--- START ---
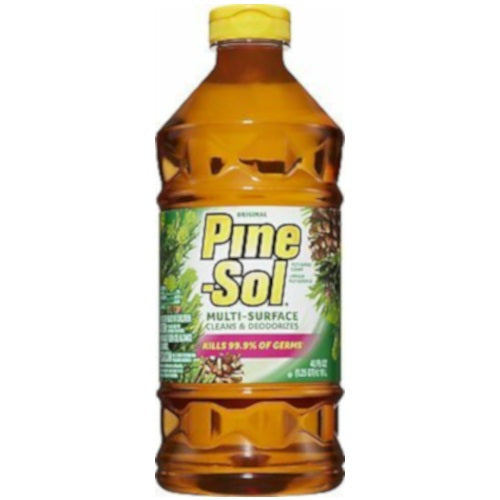 PINESOL ORIGINAL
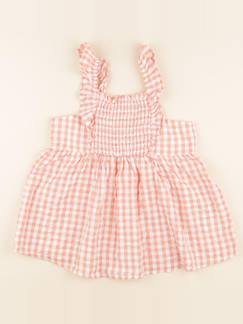 Blouse - 12 ans  - vertbaudet enfant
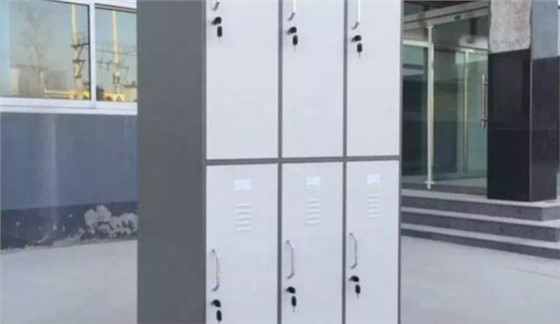 家具安裝師傅接單平臺選擇怎么辦，哪個平臺好？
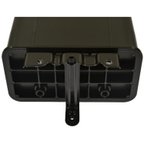 Standard Ignition CP3436 Vapor Canister - view 3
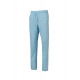Pantaloni Professionali QUARTZ Payper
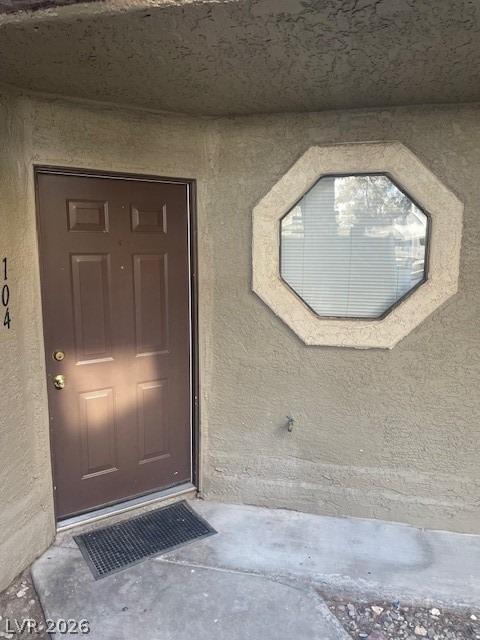 S Rainbow Blvd, Las Vegas, NV 89118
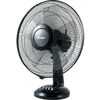 Ardes AR5S41 asztali ventilátor STYLE 41
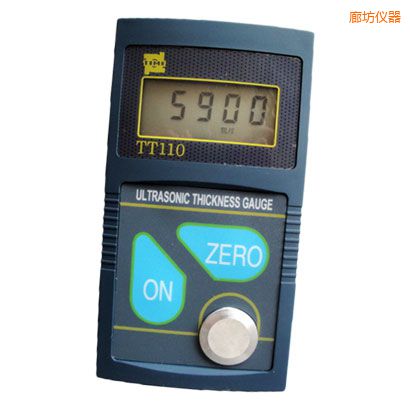 �ȷ��r�������y��x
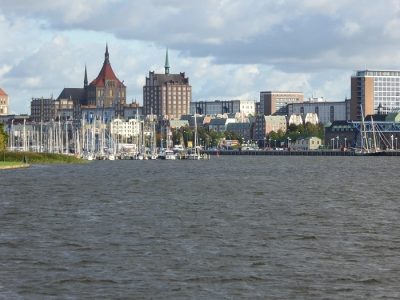 Foto 8 aus dem Album „Regionaltagung Rostock mit Hafenrundfahrt 2017“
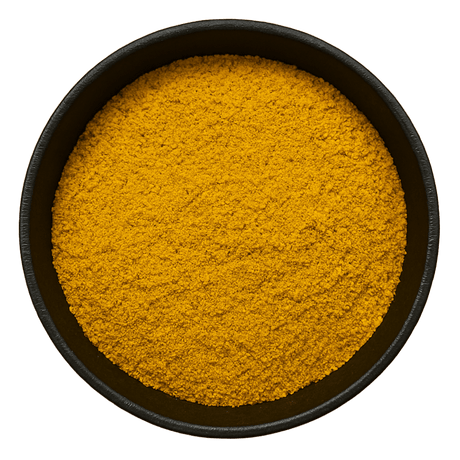  (Background Removed)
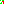 Destellos dst-9640022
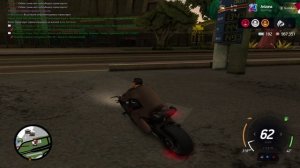 Arizona RP 2026-04-19 20-20-40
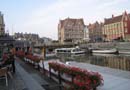 Ghent-Grasslei6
--- END ---
• [Required work]: Give again, word for word, the lines from the one containing "Pantaloni Professionali QUARTZ Payper" through the last line of the entries, with pictures omitted and nothing added.

• [Output]:
Pantaloni Professionali QUARTZ Payper
 S Rainbow Blvd, Las Vegas, NV 89118
 Ardes AR5S41 asztali ventilátor STYLE 41
 �ȷ��r�������y��x
 Foto 8 aus dem Album „Regionaltagung Rostock mit Hafenrundfahrt 2017“
  (Background Removed)
 Destellos dst-9640022
 Arizona RP 2026-04-19 20-20-40
 Ghent-Grasslei6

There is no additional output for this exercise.